There is a practical solution, one that can beat Google at its own closed-source game. However, it requires business executives who aren’t control freaks, which unfortunately makes it improbable.

Mr. Bright’s argument is that Android is only partly open source. Google Play Services is closed source, and Google certainly pushes this set of APIs. Only licensees have legitimate access to Play Services, and apps that require Play Services can therefore only run on licensed devices.

His conclusion, therefore, is:

The only way to solve the application issue is to be not merely an AOSP platform but a [Play Services] platform.


The only way to solve the application issue is to get developers to become less dependent on Play Services. And, IMHO, the only viable way to do that is for other vendors to collaborate and build up a competing suite of open APIs, ones that can plug into Play Services or into alternative implementations.

Mr. Bright posits that creating a replacement for Play Services is a lot of work, and he is correct. However, there are already replacements for much of it, whether in the open source arena (e.g., Open Street Map) or in the commercial realm (e.g., Amazon’s various replacements for use on the Kindle Fire series).

The problem isn’t a lack of alternatives. It’s a lack of a compelling reason for many developers to bother with those alternatives.

Google has done a reasonable job of ticking off the two major boxes for considering an API:

  1. Making it fairly easy to adopt (e.g., from educational, technical, licensing, and operational standpoints)

  2. Delivering a nice-sized audience for the results

Having an umbrella API, that plugs into Play Services or alternatives, can only expand the audience. Hence, if it becomes easy to adopt, sensible developers will certainly consider it.

The problem is that vendors like Amazon are focused on trying to be Google and have their own lock-in. Some percentage of Android developers will adopt such firms’ proprietary APIs, either for dedicated apps for such firms’ devices, or slogging through multiple implementations. But a lot of developers will not bother, just as a lot of developers do not bother with the Amazon AppStore for Android — and I’ve tried for years to get developers to think about distribution beyond the Play Store. If it isn’t easy, and it isn’t huge, it isn’t on most developers’ radar.

There’s nothing stopping some consortium, or a nicely-backed open source initiative, from taking a page from the same playbook, and aiming to give Android developers a reason to switch to a higher API that offers a larger audience. This would spread the effort amongst multiple interested parties, from major vendors (Amazon) and major ROM modders (Cyanogen, Inc.) to the countless firms who offer something in the Play Services sphere and would relish the opportunity to plug into a common API and not get trampled by all the elephants.

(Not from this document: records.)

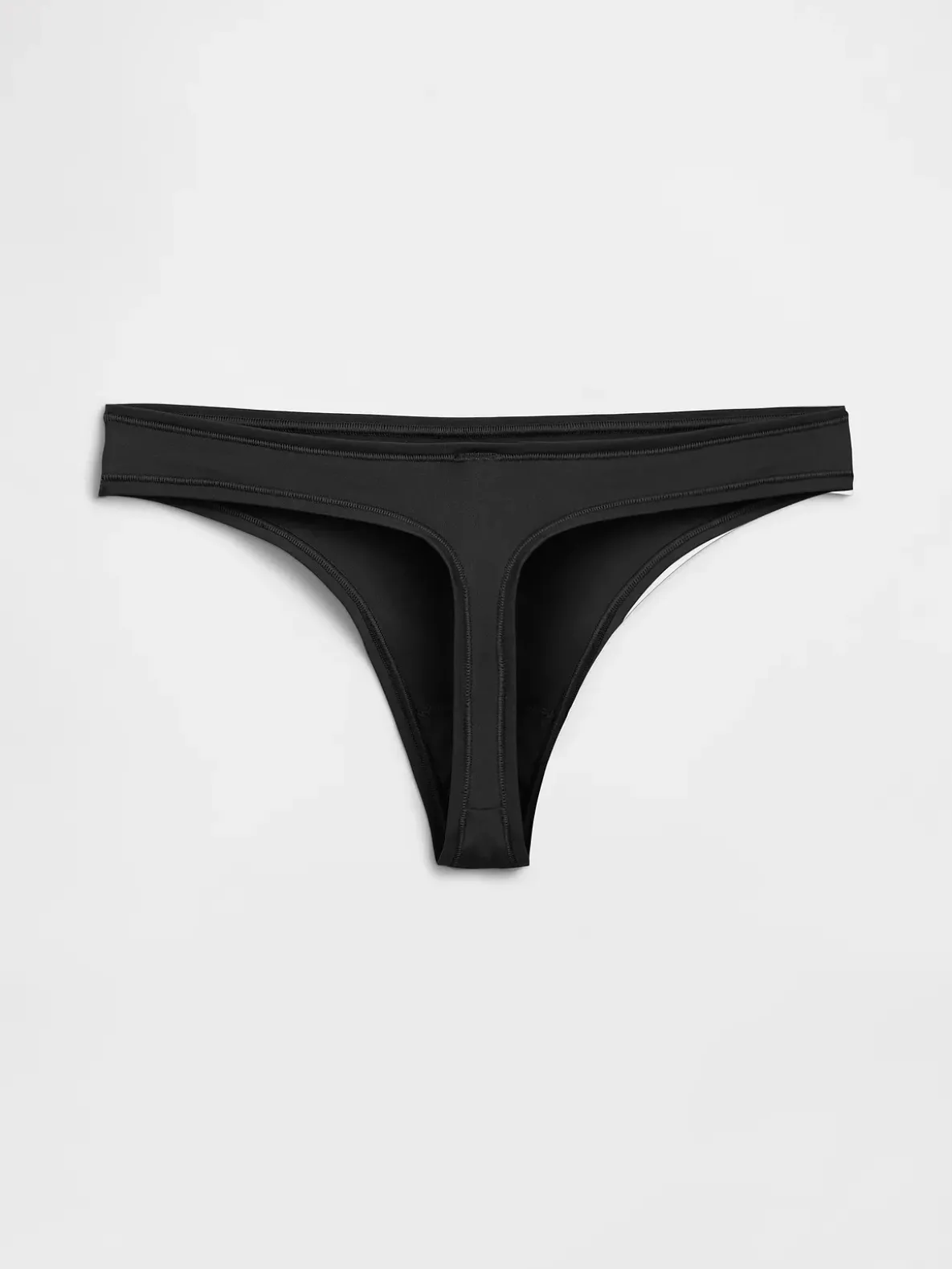 SecondSkin Thong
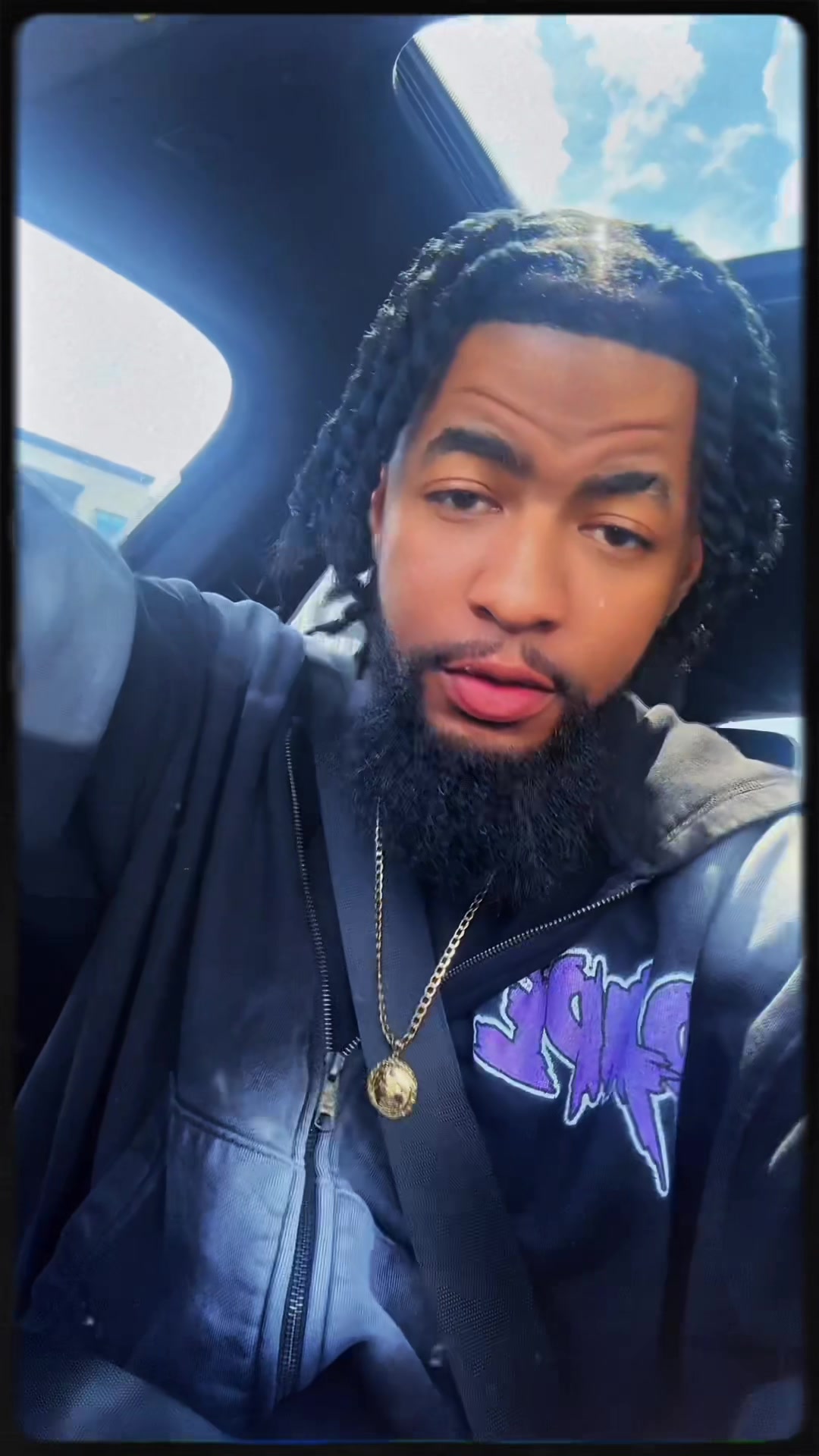 @🇯🇲Jamaican Prince👑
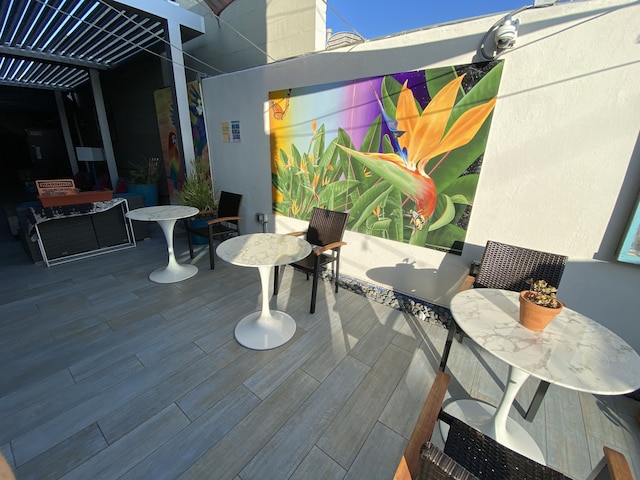 Samesun Ocean Beach - Hostel(サメサン・オーシャン・ビーチ - ホステル)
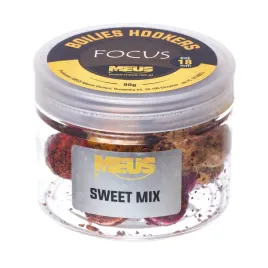 meus-kulki-haczykowe-focus-18-mm-sweet-mix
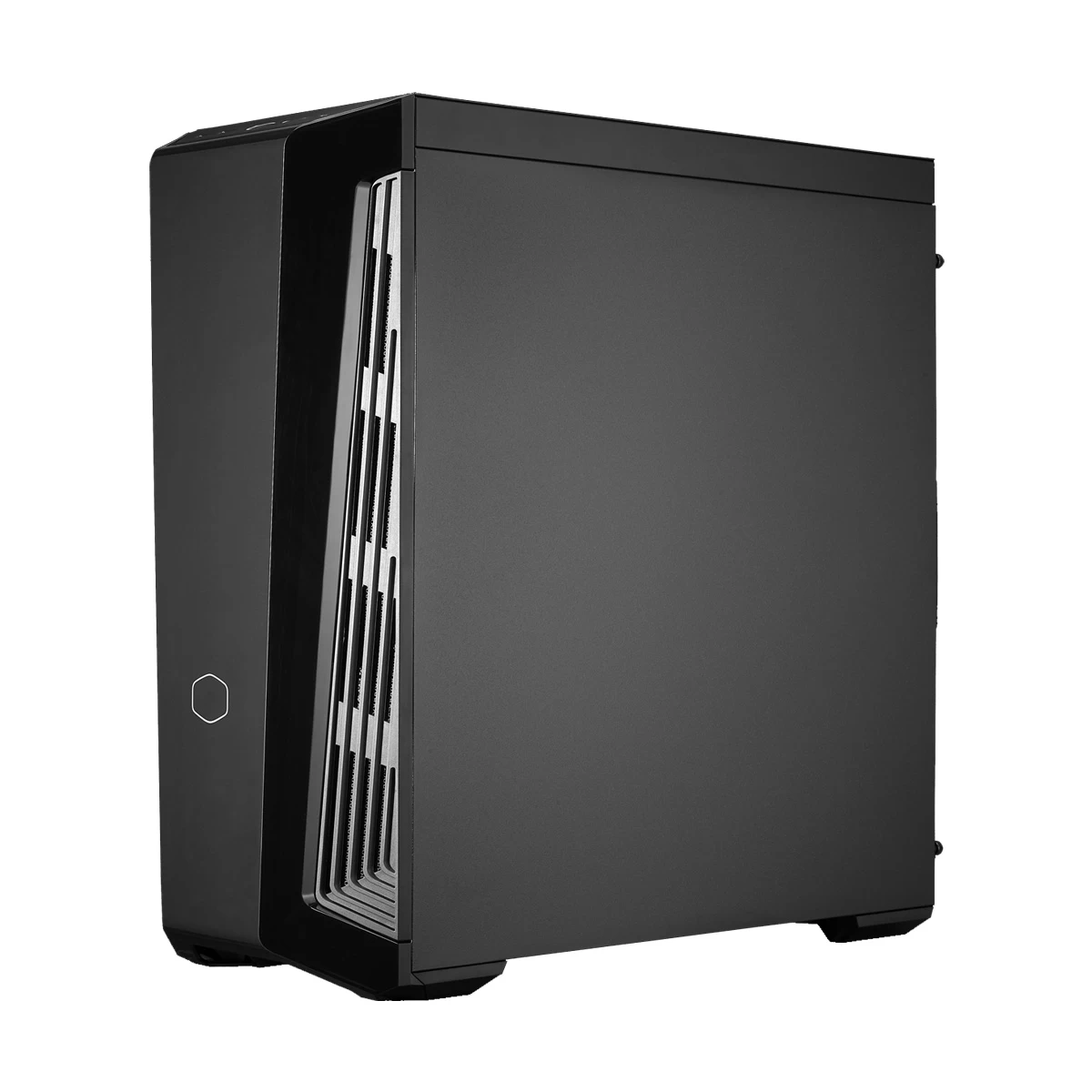 Cooler Master MasterBox 540 ARGB Casing in BD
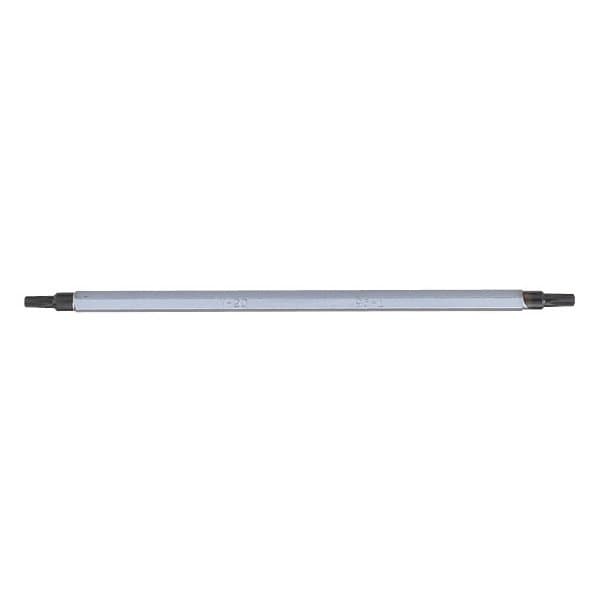 Вставка (бита) для отвертки 91232, TORX T20 / TORX T25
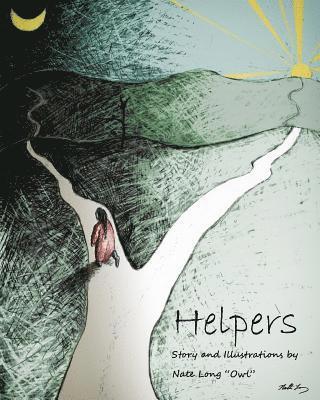 Helpers 1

This still will not be easy. And, it would eliminate these vendors’ ability to achieve lock-in in the same areas that Play Services covers. Hence, I have no idea if there is a critical mass of players who would take on such a task. And it will take patience and time, once something is ready, to educate and convince developers to migrate to such a solution. But an open set of APIs would weaken Google’s lock-in ability with Play Services, and I would think that this might be an objective of some of these firms.

If you want to fight the closed Play Services, building fragmented closed alternatives is an unlikely solution. Instead, fight closed with open.